# Problem to work on
Could you copy exactly the lines below, beginning at the line with "Publicité pour Golgotha" and stopping after the line with "FDNY Men's Officially", with no pictures?

# Dataset excerpts
################

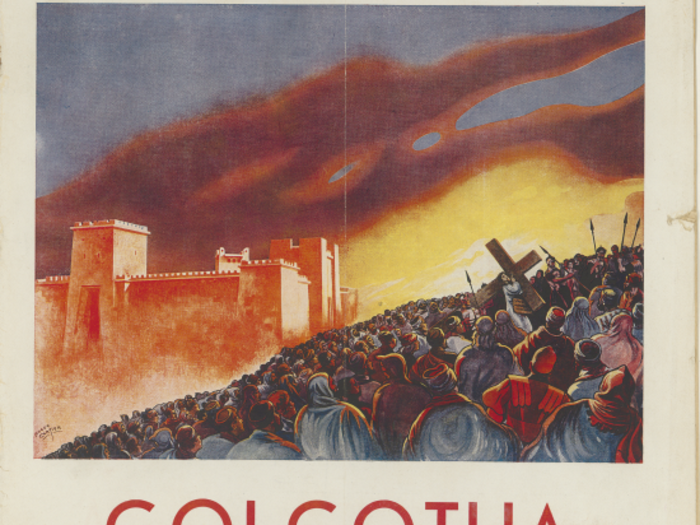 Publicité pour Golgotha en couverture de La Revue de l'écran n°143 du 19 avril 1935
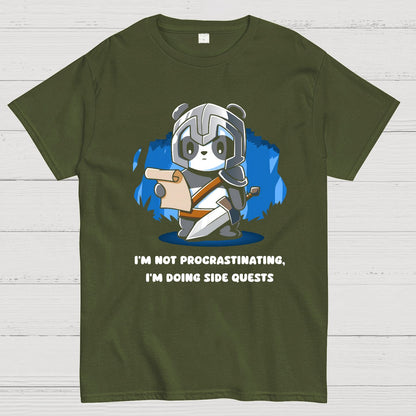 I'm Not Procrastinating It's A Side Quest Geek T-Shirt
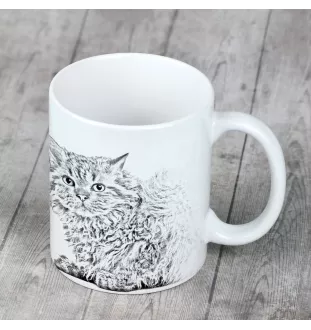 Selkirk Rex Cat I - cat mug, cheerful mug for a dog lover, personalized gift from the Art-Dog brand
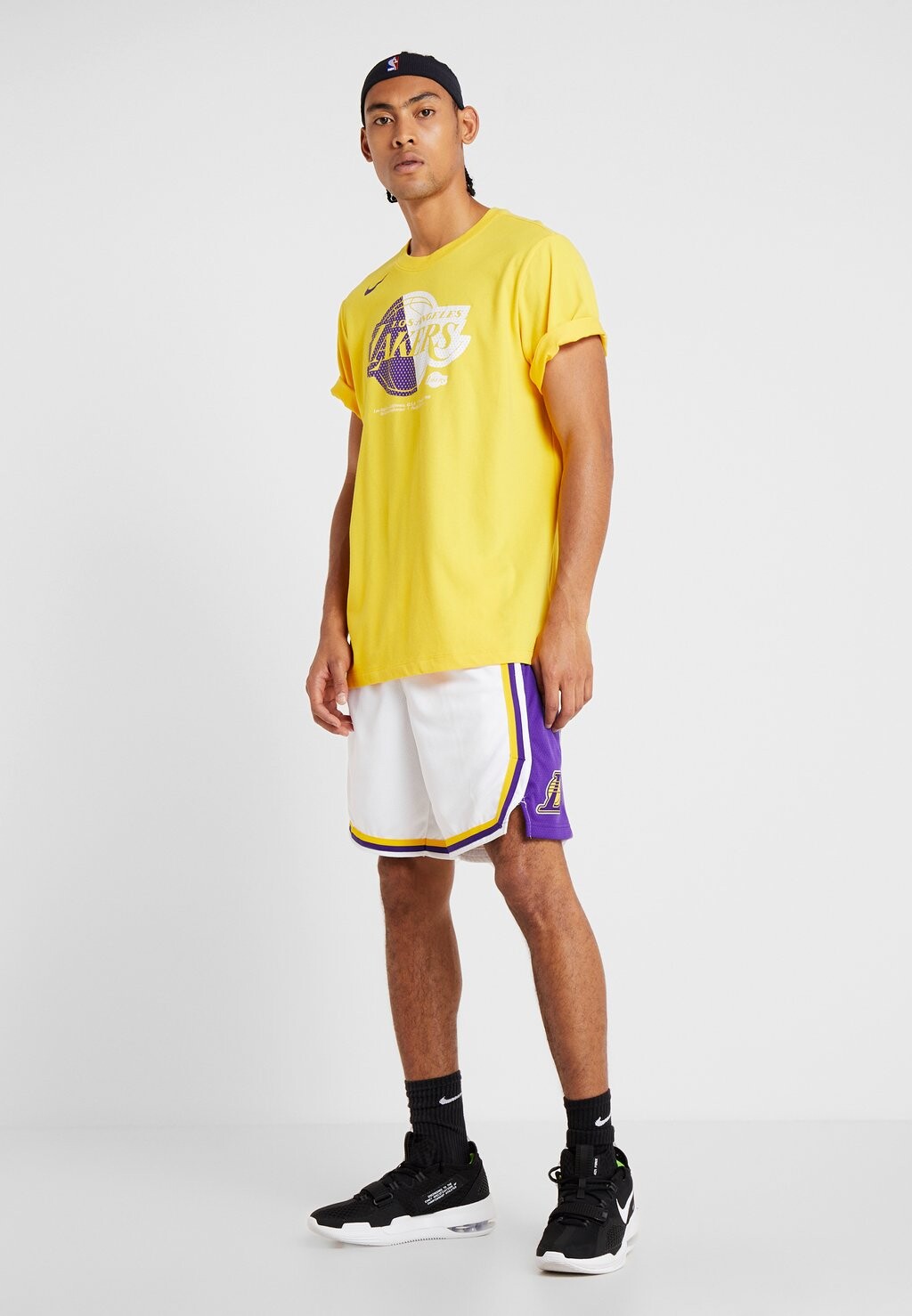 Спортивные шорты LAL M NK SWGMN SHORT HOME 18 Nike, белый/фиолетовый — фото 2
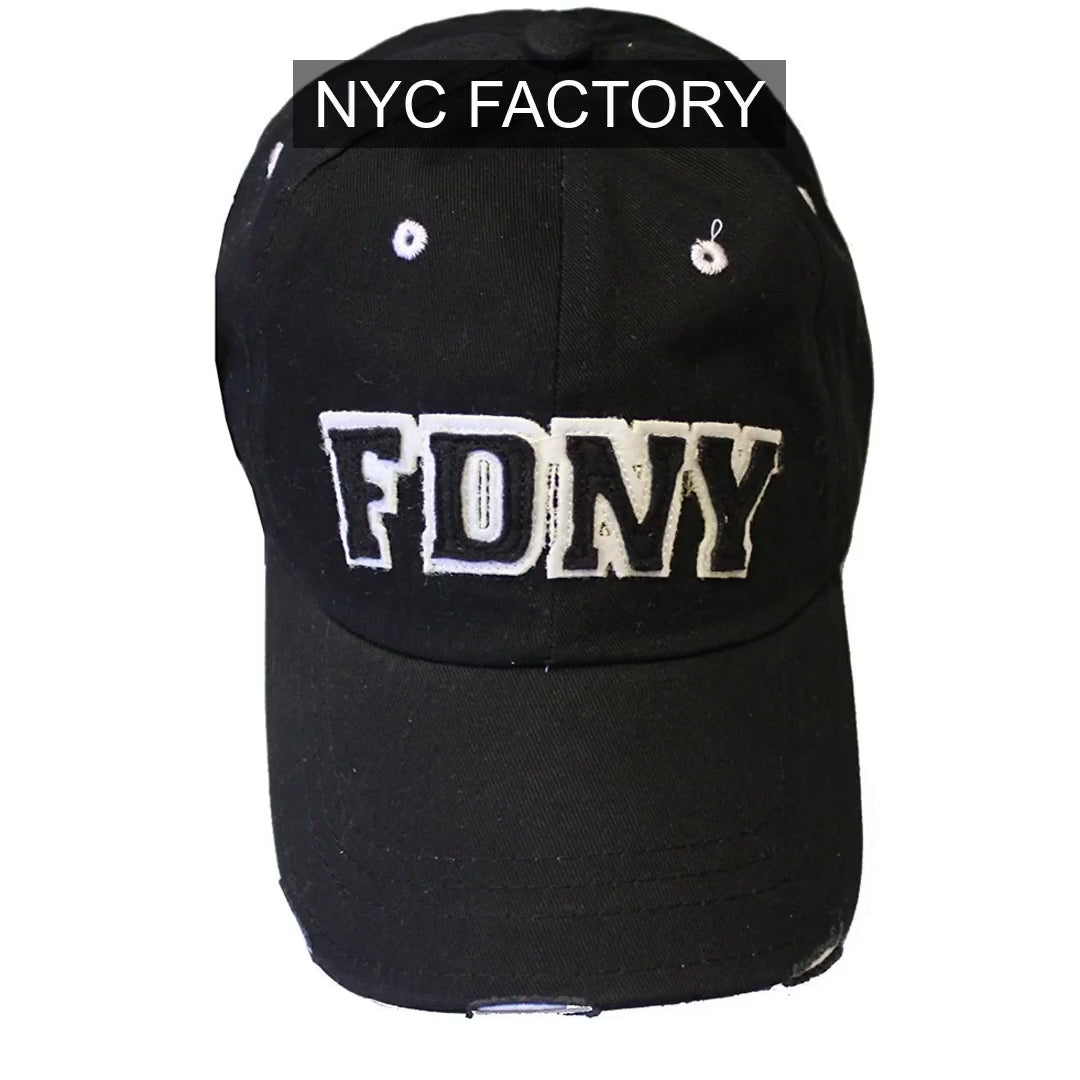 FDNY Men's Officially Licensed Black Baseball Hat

################

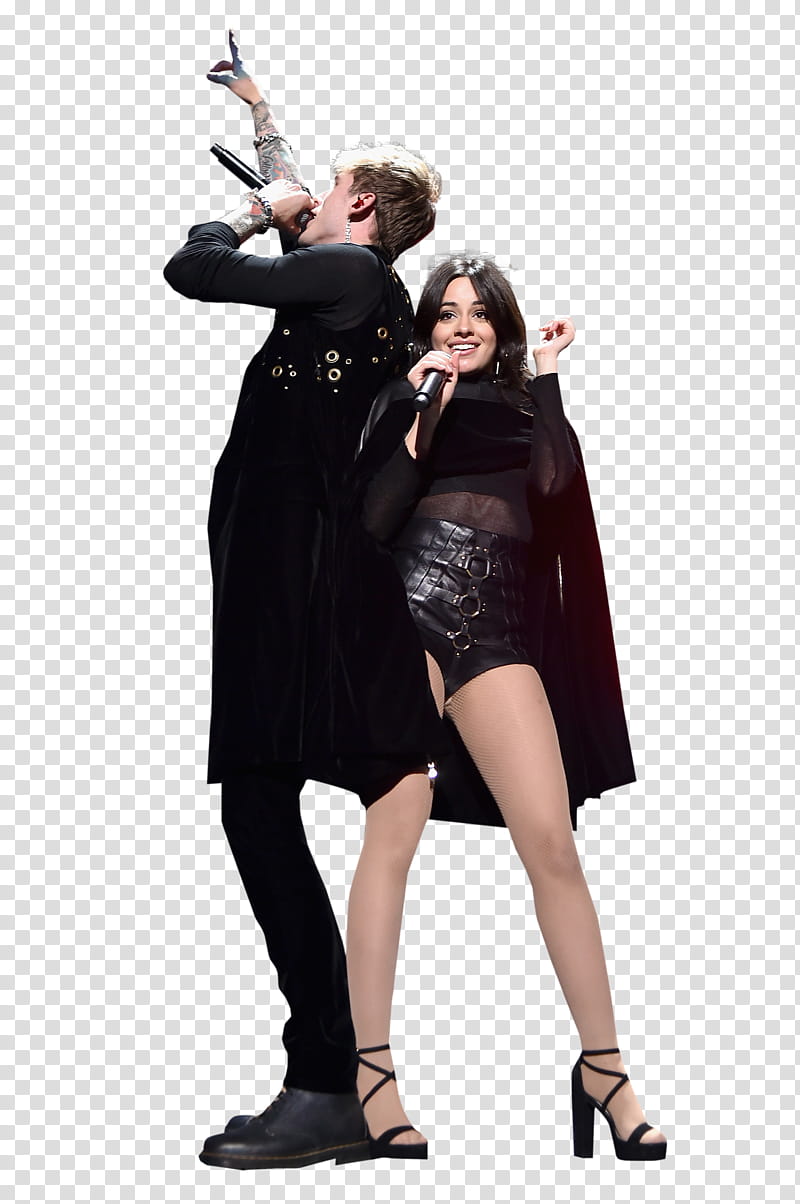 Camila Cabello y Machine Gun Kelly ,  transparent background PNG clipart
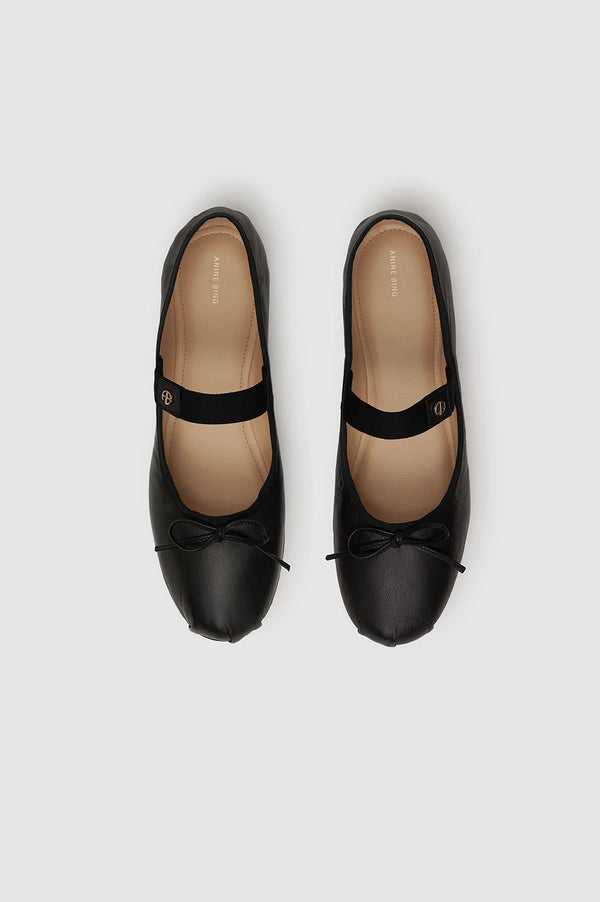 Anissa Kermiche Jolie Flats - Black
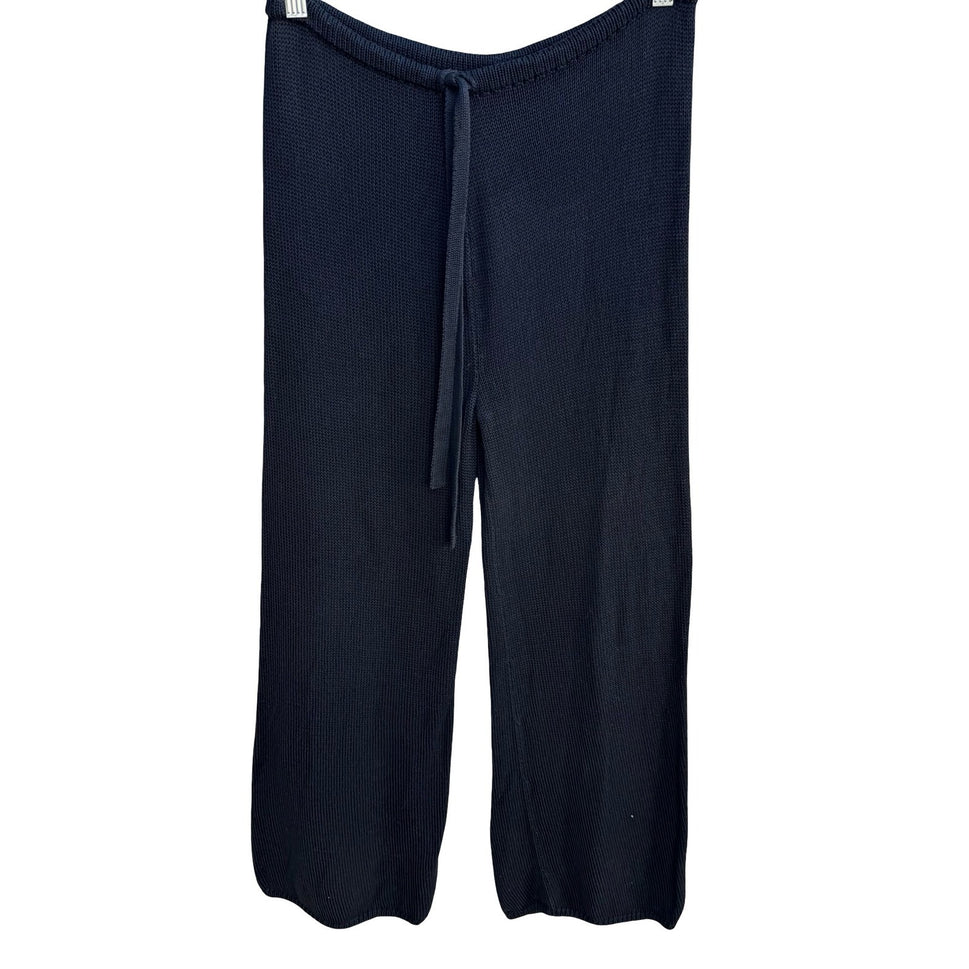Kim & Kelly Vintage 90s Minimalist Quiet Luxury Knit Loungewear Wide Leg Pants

################

# Answer to the problem
 Publicité pour Golgotha en couverture de La Revue de l'écran n°143 du 19 avril 1935
 I'm Not Procrastinating It's A Side Quest Geek T-Shirt
 Selkirk Rex Cat I - cat mug, cheerful mug for a dog lover, personalized gift from the Art-Dog brand
 Спортивные шорты LAL M NK SWGMN SHORT HOME 18 Nike, белый/фиолетовый — фото 2
 FDNY Men's Officially Licensed Black Baseball Hat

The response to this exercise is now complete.